Maybe you’ve heard of Shepard Fairey. A graduate of Rhode Island School of Design, he is best known for his design of the Obama ’08 ‘Hope’ poster and is head of OBEY Propaganda, a clothing line that I confess I have a liking for. The contemporary graphic designer and illustrator, who has been an inspiration to me and many of my “artsy” counterparts, began as a street artist, pasting his stickers to signs and the sides of buildings and slapping his art on skateboards and shirts.
For the most part I’m a fan of Fairey — but not everyone is. He has been accused of cynically turning graffiti culture into a self-promoting ad campaign, appropriating images of other artists without giving due credit, and in turn accusing others for stealing his work.

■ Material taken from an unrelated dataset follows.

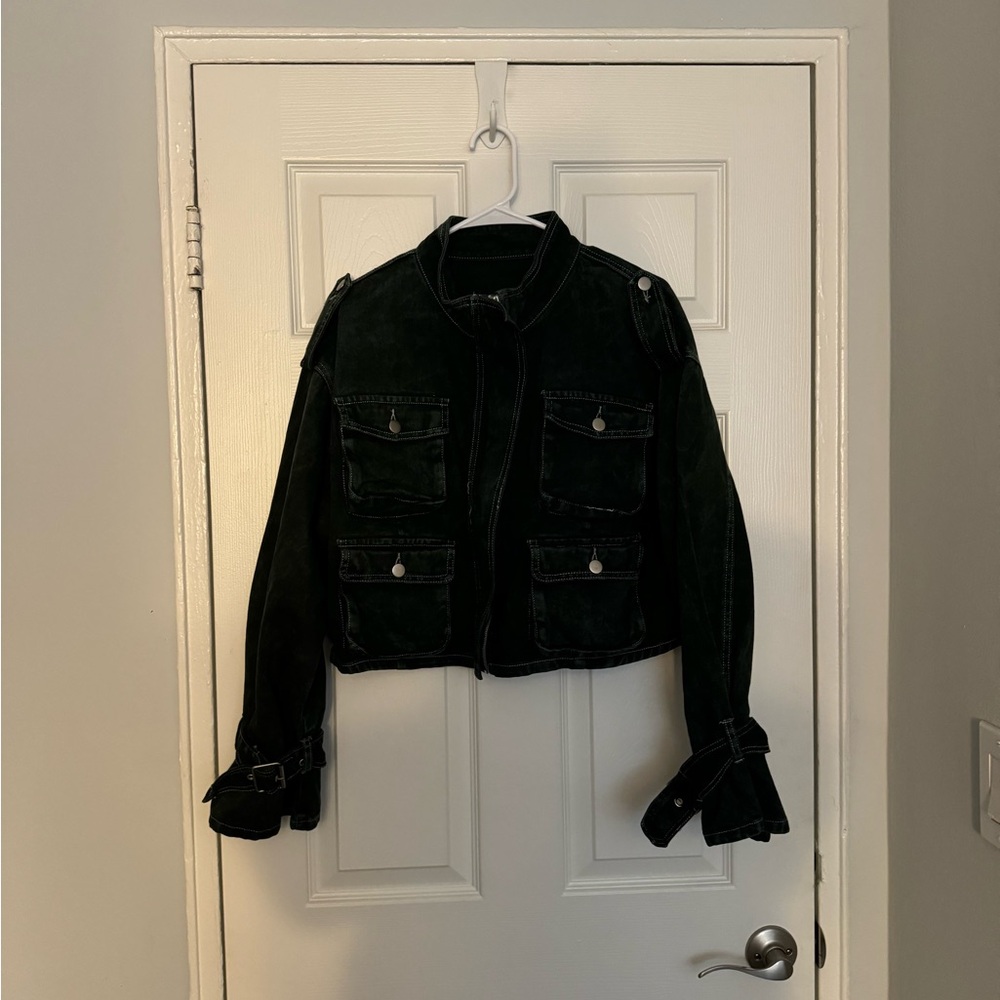 green two piece cargo set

And while I hate to throw around the term “sell-out” just because Fairey has gained success, I can’t help but see some inconsistency in his ideology. In 2003 he said, “One of my main concepts with the […][Obey] campaign as a whole, was that obedience is the most valuable currency.
People rarely consider how much power they sacrifice by blindly following a self-serving corporation’s marketing agenda, and how their spending habits reflect the direction in which they choose to transfer power.” Yet, he’s forced himself into the mainstream and has his own clothing line. Is he not feeding into the consumerism that he condemns?
And what’s more, his shtick initially seemed to caution against “obeying” power and conforming to society, and then he finds himself a political activist, participating in the presidential election of 2008. While I have nothing against a little activism, it seems that Fairey needs to get his story straight.
As a graphic design student at Penn State, I’m still struggling with my own identity as an aspiring artist, and maybe on a much smaller scale I can relate to Fairey and his image as a contemporary in our consumer based and often superficial society.
Maybe he’s a poser. Maybe I’m a poser. Maybe we both like making things that look cool. And just maybe the art world I love so very much really is full of contradictions, just as most of us are.